The Best of Greg Egan
- Author: Greg Egan
- Language: English
- Genre: Science fiction short story collection
- Publisher: Subterranean Press
- Publication date: December 2019
- Publication place: Australia
- Media type: Print
- Pages: 731 pp.
- ISBN: 978-1-59606-942-8

= The Best of Greg Egan =

2019 story collection by Greg egan

The Best of Greg Egan is a collection of science fiction stories by Australian writer Greg Egan, published by Subterranean Press in 2019.

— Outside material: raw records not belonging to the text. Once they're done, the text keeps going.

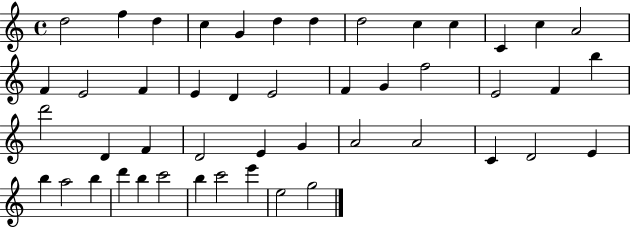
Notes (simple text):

D5/h F5/q D5/q C5/q G4/q D5/q D5/q D5/h C5/q C5/q C4/q C5/q A4/h F4/q E4/h F4/q E4/q D4/q E4/h F4/q G4/q F5/h E4/h F4/q B5/q D6/h D4/q F4/q D4/h E4/q G4/q A4/h A4/h C4/q D4/h E4/q B5/q A5/h B5/q D6/q B5/q C6/h B5/q C6/h E6/q E5/h G5/h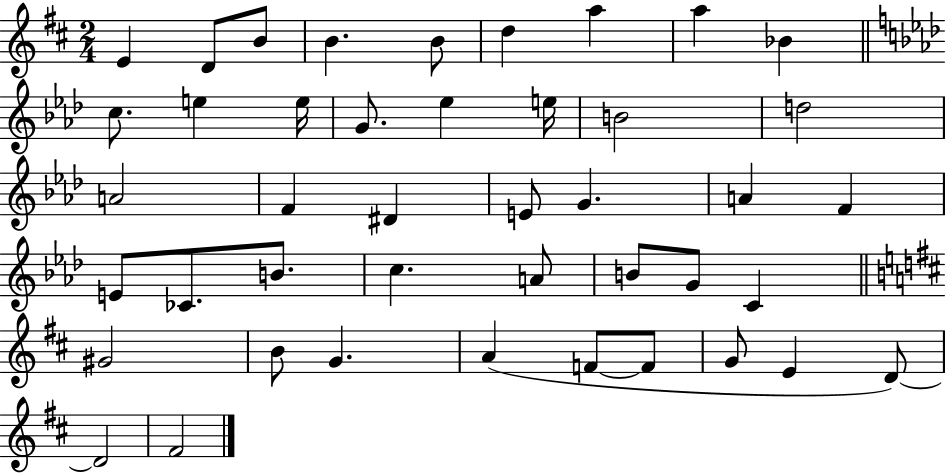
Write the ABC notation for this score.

X:1
T:Untitled
M:2/4
L:1/4
K:D
E D/2 B/2 B B/2 d a a _B c/2 e e/4 G/2 _e e/4 B2 d2 A2 F ^D E/2 G A F E/2 _C/2 B/2 c A/2 B/2 G/2 C ^G2 B/2 G A F/2 F/2 G/2 E D/2 D2 ^F2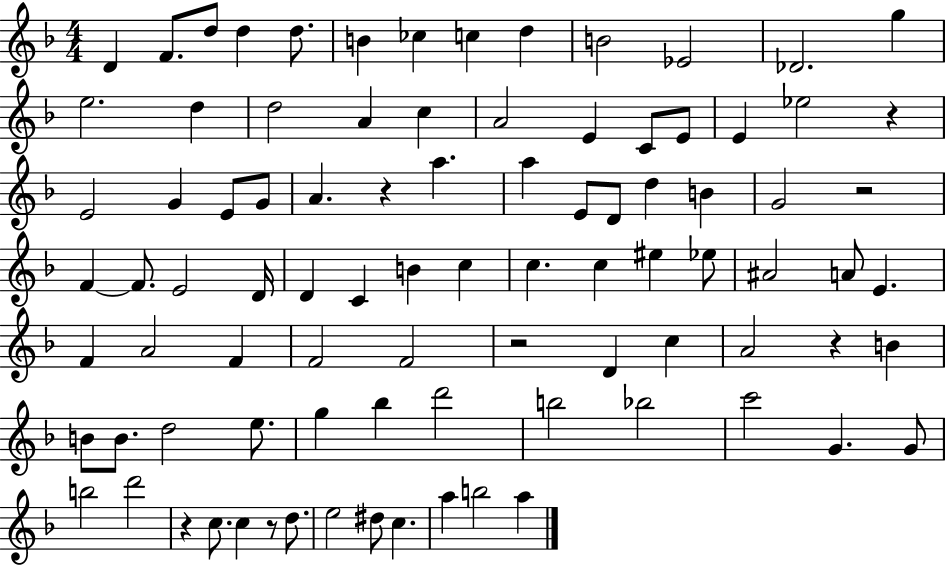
{
  \clef treble
  \numericTimeSignature
  \time 4/4
  \key f \major
  d'4 f'8. d''8 d''4 d''8. | b'4 ces''4 c''4 d''4 | b'2 ees'2 | des'2. g''4 | \break e''2. d''4 | d''2 a'4 c''4 | a'2 e'4 c'8 e'8 | e'4 ees''2 r4 | \break e'2 g'4 e'8 g'8 | a'4. r4 a''4. | a''4 e'8 d'8 d''4 b'4 | g'2 r2 | \break f'4~~ f'8. e'2 d'16 | d'4 c'4 b'4 c''4 | c''4. c''4 eis''4 ees''8 | ais'2 a'8 e'4. | \break f'4 a'2 f'4 | f'2 f'2 | r2 d'4 c''4 | a'2 r4 b'4 | \break b'8 b'8. d''2 e''8. | g''4 bes''4 d'''2 | b''2 bes''2 | c'''2 g'4. g'8 | \break b''2 d'''2 | r4 c''8. c''4 r8 d''8. | e''2 dis''8 c''4. | a''4 b''2 a''4 | \break \bar "|."
}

The collection contains 20 stories which were published in a variety of original publications. It is also accompanied by an Afterword from the author.

==Contents==

- "Learning to Be Me"
- "Axiomatic"
- "Appropriate Love"
- "Into Darkness"
- "Unstable Orbits in the Space of Lies"
- "Closer"
- "Chaff"
- "Luminous"
- "Silver Fire"
- "Reasons to be Cheerful"
- "Oceanic"
- "Oracle"
- "Singleton"
- "Dark Integers"
- "Crystal Nights"
- "Zero for Conduct"
- "Bit Players"
- "Uncanny Valley"
- "3-adica"
- "Instantiation"
- "Afterword"

==Critical reception==
Writing in Locus Magazine reviewer Russell Letson noted Egan's statement in his Afterword that the stories here concern "the struggle to come to terms with what it will mean when our growing ability to scrutinize and manipulate the physical world reaches the point where it encompasses the substrate underlying our values, our memories, and our identities." Letson then went on to say: "Of course, there is more to Egan's thematic universe – notably in his far-future and virtual-environments settings – and there are recurring figures and motifs that run across the whole range of his work: refugees, exiles, outsiders and outliers, unpersons, relentless investigators and explorers and explainers-of-phenomena, inventors and devisers of understandings. Most of these stories do indeed emphasize his examinations of how we experience ourselves – our understandings, our feelings, our motives, our sense of who-we-are and what-we-mean and what-we-value." Concluding: "Egan is determined to make sense of everything – to understand the whole world as an intelligible, rational, material (and finally manipulable) realm – even if it means abandoning comfortable and comforting illusions. This is fundamental to the whole project of SF and it's why Egan's Best – and his Rest – is worth any number of looks."